Task brief: From the line that contains "Jil Sander Kleine" through the last line of the data, copy everything exactly and nothing else, omitting the pictures.

Supplied material:
════════

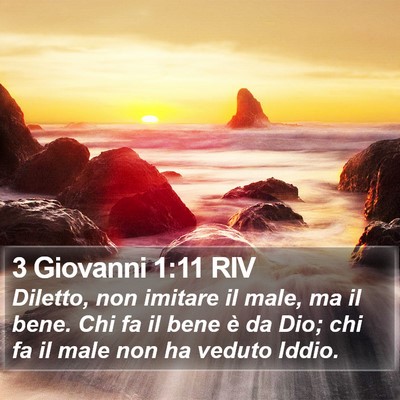 3 Giovanni 1:11 RIV Bible Verse Image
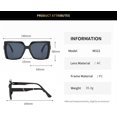 thumbnail image 5 of Large Frame Men and Women Box Sunglasses Street Shooting Outdoor Sunshade Vacation (Color : E, Size : Medium), 5 of 5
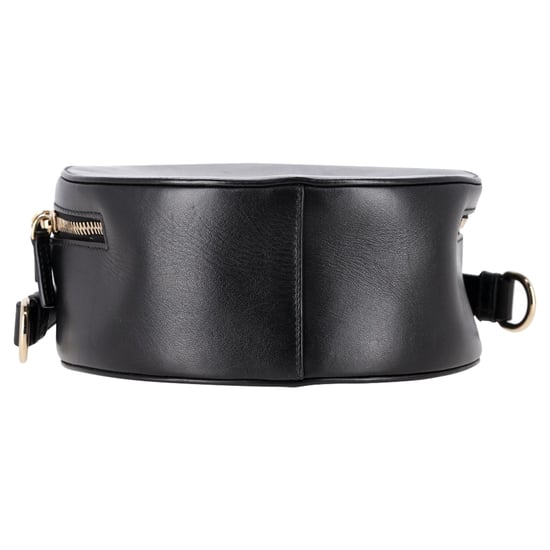 Jil Sander Kleine Trommel Tasche aus schwarzem Leder - Image 4
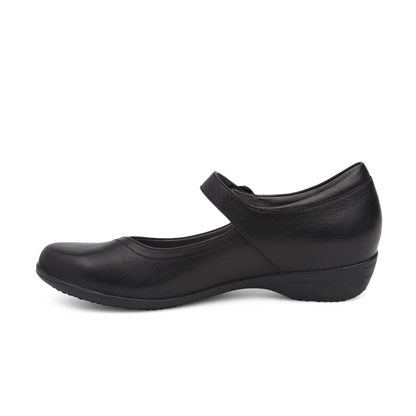 Dansko Fawna Black Nappa Mary Jane Shoe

════════

Solution for this task:
 Jil Sander Kleine Trommel Tasche aus schwarzem Leder - Image 4
 Dansko Fawna Black Nappa Mary Jane Shoe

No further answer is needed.